The most desirable life position is the “I am OK, You are OK” position. It shows that the person is happy with himself as also with all others who interact with him. Such a person is full of vigour, pro­ductive, and at peace with himself and the world around him.

(e) Stroking:

A stroke means any act of recognition or pat on the back received or given to another. In fact, the motive behind every transaction is to receive or give strokes. The strokes may be physical, verbal or gestural. A stroke may induce a good or bad feeling in the recipient. When it induces a good feeling, it is a positive stroke. When it leads to a bad feeling, it is a negative stroke.

When a person does not get the required strokes on the job, he may seek them through various ways. In the process, he may even harm himself or others. He may also play psychological games for the purpose, alternately taking on “persecutor,” “victim” or “rescuer” roles. For example, a student may bully others, complain about being bullied by someone, or come to help another being bullied.


Off-The-Job Training Methods – 8 Important Training Techniques: Special Courses, Case Study, Role Playing, Discussion Approach and a Few Other Techniques

In the off-the-job training method, training is conducted at the location that is away from the actual workplace.

The training techniques are explained in the following sections:

1. Special Courses:

Special courses refer to the training courses that the executives are required to attend. These courses are formally organized by the organizations with the help of experts from various educational institutions. For instance, trainees are sponsored by employers to attend courses conducted by various management institutes. An example could be Infosys Technologies Ltd. that provides management programs to its employees after they have served the organization for a particular duration.

2. Case Study:

Case study represents a training method in which a real or hypothetical problem or situation demanding a solution is presented in writing to the trainees. They are required to identify and analyze the problem; suggest and evaluate the alternative courses of action; and select the most appropriate solution. The solutions suggested by one trainee can vary from another trainee. This method is generally used to teach the concepts of business management, law, and human relations to the employees.

3. Role Playing:

Role playing denotes the method of human interaction that demands realistic behavior in imaginary situations. This method of training asks the trainees to act, do, and practice. In a role play, the trainees are asked to play the role of certain characters, such as the department manager, support engineer, supervisors, or quality auditors.

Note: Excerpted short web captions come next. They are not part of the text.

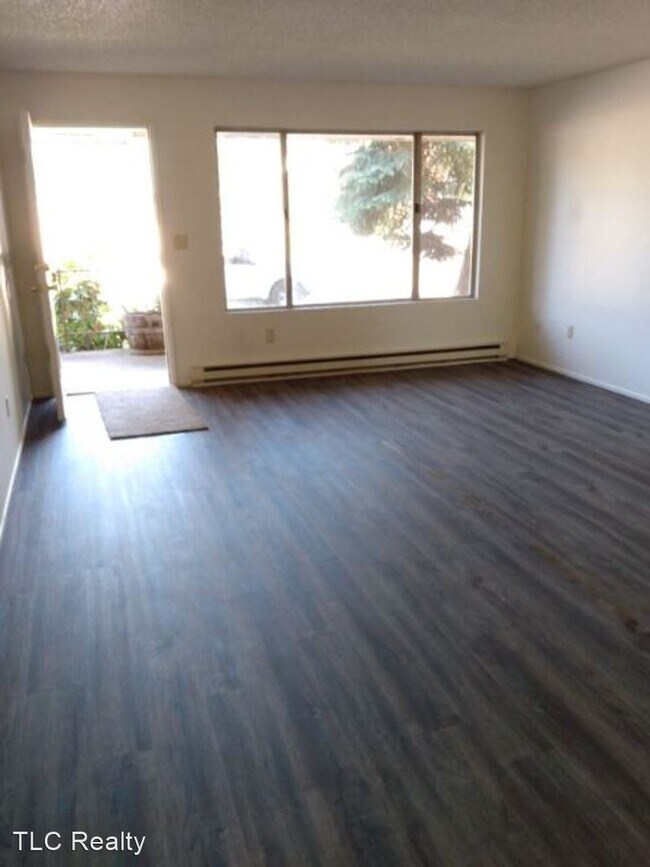 Building Photo - 2 br, 1 bath House - 455 Elder Street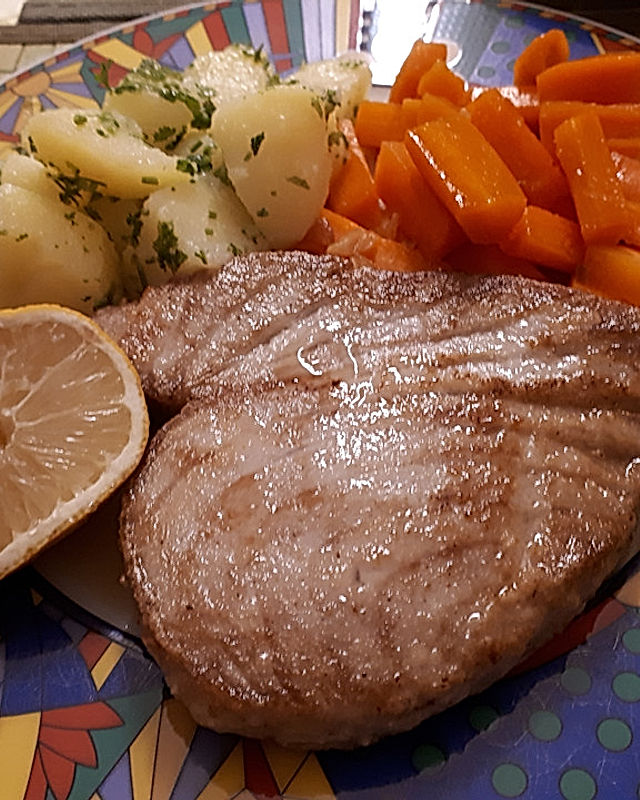 Thunfischsteak mit karamellisierten Knoblauchmöhren und Korianderkartoffeln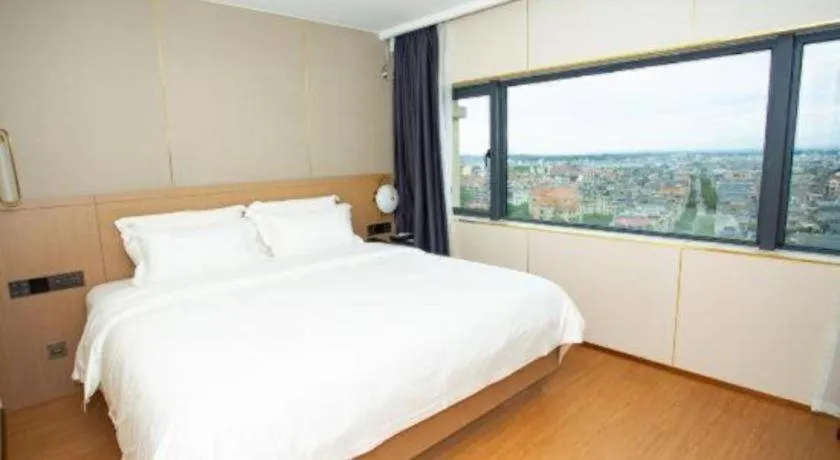 Bed in Lavande Hotel·Dongxing Port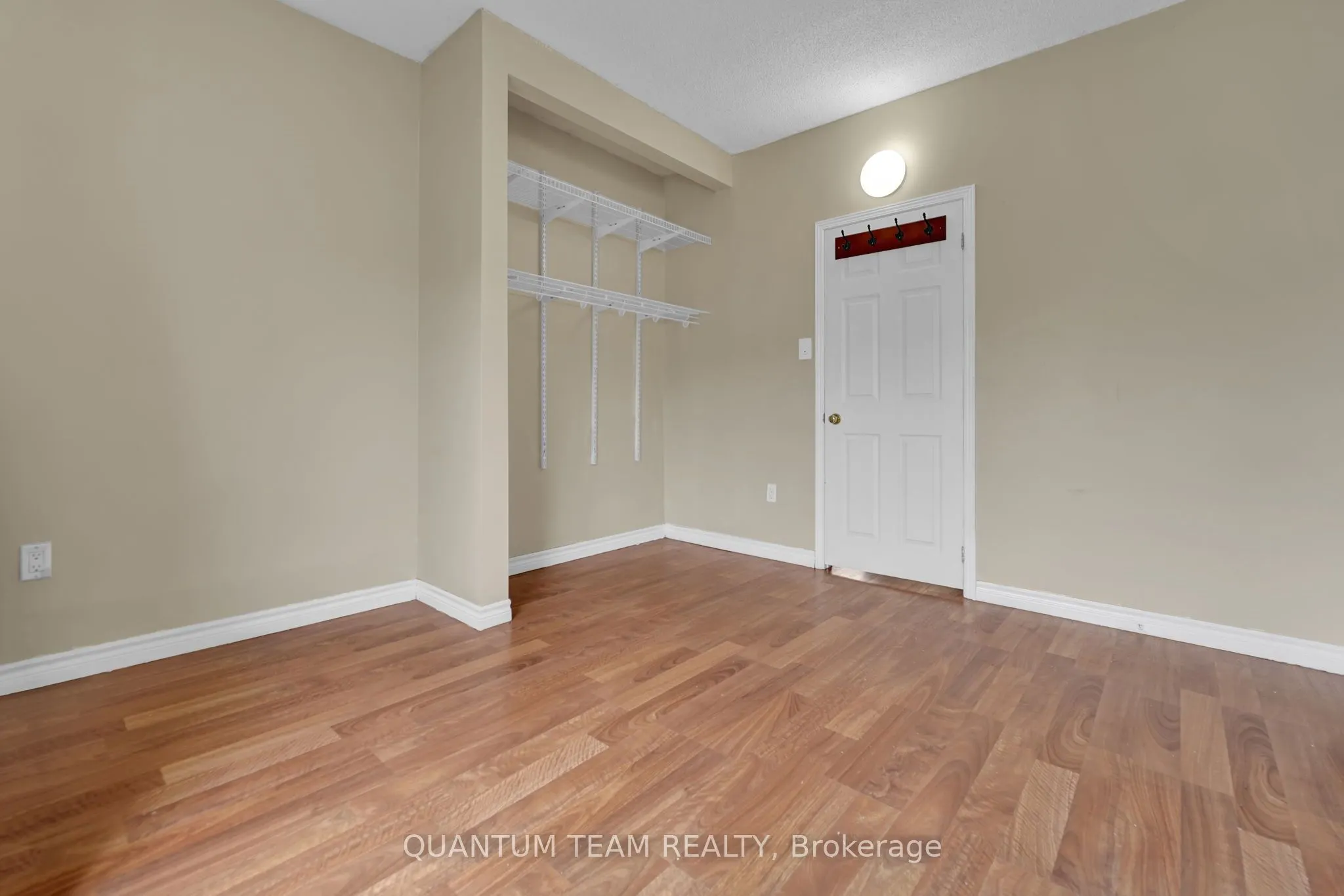 27 Berryman Avenue, #Main Floor unit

This method mainly focuses on the development of the interpersonal skills and practical understanding of the problem.

4. Conferences/Discussion Approach:

The conferences/discussion approach refers to the training method in which the trainer delivers a lecture and initiates a discussion with the trainees to clear their work-related doubts. In large organizations, a trainer uses audio-visual aids to conduct conferences and discussions. The examples of audio-visual aids are blackboards, mock-ups, and PowerPoint presentation slides. In some cases, lectures are recorded so that they can be used to train the other batches of trainees to save time and effort. Even the trainee’s presentation can be recorded for self-confrontation and self-assessment.

5. Simulation Exercises and Management Games:

Simulation exercises, also known as management or business games, represent actual business situations where trainees are asked to comprehend these situations and behave accordingly. For instance, trainees may take part in a simulation exercise that involves two or more hypothetical organizations competing in a given product market.

The trainees are assigned different roles, such as managing director, general manager, and marketing manager. They make decisions affecting price levels, production volume, and inventory levels. In this method, the roles are able to see how their decisions affect the performance of the other groups, and vice versa.

The merits of simulation exercises are as follows:

a. Promote teamwork among participants

b. Enable the participants to learn from their mistakes, take a different course of action by looking at the consequences, and improve their performance

c. Ensure instant feedback and facilitate learning

The demerits of simulation exercises are that they are difficult and expensive to develop and at times, far from the reality.

6. Sensitivity Training:

Sensitivity training, also known as T-group training, refers to a specific training that is conducted under controlled conditions. This training was introduced by Kurt Lewin, who was a German-American psychologist. In this method, a group of 7 to 12 trainees meet in a group for a specific duration. The objective of sensitivity training is to make trainees aware about their own prejudices and develop sensitivity in them.

In addition, sensitivity training helps the trainees in understanding the impact of their behavior on others. The discussion is directed by a behavioral expert who creates the opportunity for the members to express their ideas, beliefs, and attitudes. This training is designed to make people more aware about group dynamics, their own behavior, interpersonal traits, and their role within a group. It helps the members to learn how the group actually works.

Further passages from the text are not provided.